On December 5 cops from across the city gathered at the Fraternal Order of Police (FOP) headquarters to show support for the policemen involved. “Nathaniel Jones chose to ingest crack cocaine,” said FOP president Roger Webster. “He chose to ingest PCP. He chose to ingest embalming fluid. He chose to attack the cops.”

The Jones family’s lawyer, Ken Lawson, said that the FOP’s stance “underlines why the community is upset. They don’t care about human life.”

Voices of protest were raised as news of Jones’s death was circulated, along with shots from the videotape. His family said they would seek an independent inquiry. Both the National Urban League and NAACP called for a federal civil rights investigation.

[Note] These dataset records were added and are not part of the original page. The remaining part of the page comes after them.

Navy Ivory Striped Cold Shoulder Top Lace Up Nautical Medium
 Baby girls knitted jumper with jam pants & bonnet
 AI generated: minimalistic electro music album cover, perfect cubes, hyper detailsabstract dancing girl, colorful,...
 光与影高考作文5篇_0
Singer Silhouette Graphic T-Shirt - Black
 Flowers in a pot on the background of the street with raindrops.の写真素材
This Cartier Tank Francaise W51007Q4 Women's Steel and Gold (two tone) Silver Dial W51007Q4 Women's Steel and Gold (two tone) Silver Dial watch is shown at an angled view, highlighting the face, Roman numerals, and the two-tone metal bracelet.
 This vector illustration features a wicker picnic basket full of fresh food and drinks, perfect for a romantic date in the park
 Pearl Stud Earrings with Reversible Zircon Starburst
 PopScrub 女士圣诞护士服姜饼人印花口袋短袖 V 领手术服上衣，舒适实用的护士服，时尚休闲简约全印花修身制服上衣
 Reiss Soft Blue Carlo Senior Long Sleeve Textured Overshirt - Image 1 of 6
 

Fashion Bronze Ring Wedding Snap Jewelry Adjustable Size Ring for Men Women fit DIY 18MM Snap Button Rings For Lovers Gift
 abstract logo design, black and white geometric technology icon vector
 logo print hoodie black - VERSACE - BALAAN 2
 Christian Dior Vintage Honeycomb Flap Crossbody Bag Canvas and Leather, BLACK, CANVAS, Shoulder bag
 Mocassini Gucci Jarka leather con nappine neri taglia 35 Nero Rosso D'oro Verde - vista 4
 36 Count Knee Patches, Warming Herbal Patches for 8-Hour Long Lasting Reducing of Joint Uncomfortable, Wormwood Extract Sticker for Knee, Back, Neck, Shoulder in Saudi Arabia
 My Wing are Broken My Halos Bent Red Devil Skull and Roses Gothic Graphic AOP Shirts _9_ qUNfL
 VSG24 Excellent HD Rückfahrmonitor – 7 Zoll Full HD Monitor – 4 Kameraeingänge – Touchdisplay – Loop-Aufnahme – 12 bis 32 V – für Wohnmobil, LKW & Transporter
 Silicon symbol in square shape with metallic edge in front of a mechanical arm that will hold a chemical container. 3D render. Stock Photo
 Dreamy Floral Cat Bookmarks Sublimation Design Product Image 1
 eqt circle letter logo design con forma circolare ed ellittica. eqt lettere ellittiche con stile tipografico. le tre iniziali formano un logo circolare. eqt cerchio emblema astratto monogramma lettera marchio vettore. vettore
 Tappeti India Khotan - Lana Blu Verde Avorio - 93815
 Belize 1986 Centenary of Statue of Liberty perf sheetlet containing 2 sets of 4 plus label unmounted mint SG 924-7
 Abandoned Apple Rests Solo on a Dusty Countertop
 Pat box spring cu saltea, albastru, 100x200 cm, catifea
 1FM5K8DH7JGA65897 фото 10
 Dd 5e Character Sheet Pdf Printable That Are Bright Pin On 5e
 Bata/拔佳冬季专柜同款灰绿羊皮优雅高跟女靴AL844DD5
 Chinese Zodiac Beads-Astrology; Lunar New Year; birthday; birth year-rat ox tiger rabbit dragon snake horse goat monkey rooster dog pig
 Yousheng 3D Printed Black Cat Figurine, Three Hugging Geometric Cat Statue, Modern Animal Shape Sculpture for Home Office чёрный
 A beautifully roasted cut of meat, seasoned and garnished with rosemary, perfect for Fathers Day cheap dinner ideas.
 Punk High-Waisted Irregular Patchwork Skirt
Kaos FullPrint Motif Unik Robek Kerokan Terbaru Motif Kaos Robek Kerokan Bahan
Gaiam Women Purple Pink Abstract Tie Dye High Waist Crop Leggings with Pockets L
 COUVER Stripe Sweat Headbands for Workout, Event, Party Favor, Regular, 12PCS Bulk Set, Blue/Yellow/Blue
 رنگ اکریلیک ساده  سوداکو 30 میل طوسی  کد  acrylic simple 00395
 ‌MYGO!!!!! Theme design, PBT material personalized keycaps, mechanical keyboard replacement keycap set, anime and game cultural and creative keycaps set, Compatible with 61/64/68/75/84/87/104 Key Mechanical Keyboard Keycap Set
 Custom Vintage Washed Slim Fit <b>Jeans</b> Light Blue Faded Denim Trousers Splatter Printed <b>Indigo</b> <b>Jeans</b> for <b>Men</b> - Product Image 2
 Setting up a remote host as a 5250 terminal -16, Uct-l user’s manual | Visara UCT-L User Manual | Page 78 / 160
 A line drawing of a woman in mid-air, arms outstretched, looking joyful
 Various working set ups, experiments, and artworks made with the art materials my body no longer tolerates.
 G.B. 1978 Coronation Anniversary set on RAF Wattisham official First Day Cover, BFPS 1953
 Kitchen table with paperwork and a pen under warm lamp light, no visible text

“We are concerned about what seemed like excessive force,” said Rev. Calvin Harper, president of the Baptist Ministers Conference of Greater Cincinnati and Vicinity, on December 2. “We also are concerned that there seems to be a rush to exonerate the police and an attempt to assassinate the character of Nathaniel Jones before all of the facts are in.” He urged attendance at a rally on December 7 to show “unity and concern.”

Two days before the planned action, however, the Baptist Ministers Conference announced that they were calling off the rally.

“The organizers reached that decision after hearing the family talk about their hurt and their desire that everyone love one another,” said Rev. Gregory Chandler, “and that there be no uprising or violence in the city.” In April 2001 working people mobilized in several days of protests following the fatal police shooting of 19-year-old Timothy Thomas—the 15th Black person killed by the city’s police from 1995 to that point. The cops fired rubber bullets, metal-filled beanbags, and tear gas at the protesters, and arrested 66.

Around 100 people attended a protest organized by the New Black Panther Party on the day of the cancelled rally. “I am here because I am sick and tired of the killing and beating of Black men,” said Michael Riley, 55.

“I don’t feel any legislation is going to give justice,” said Julie Frances, 25, a student at North Kentucky University. “It has to be people coming out opposing racist killings.”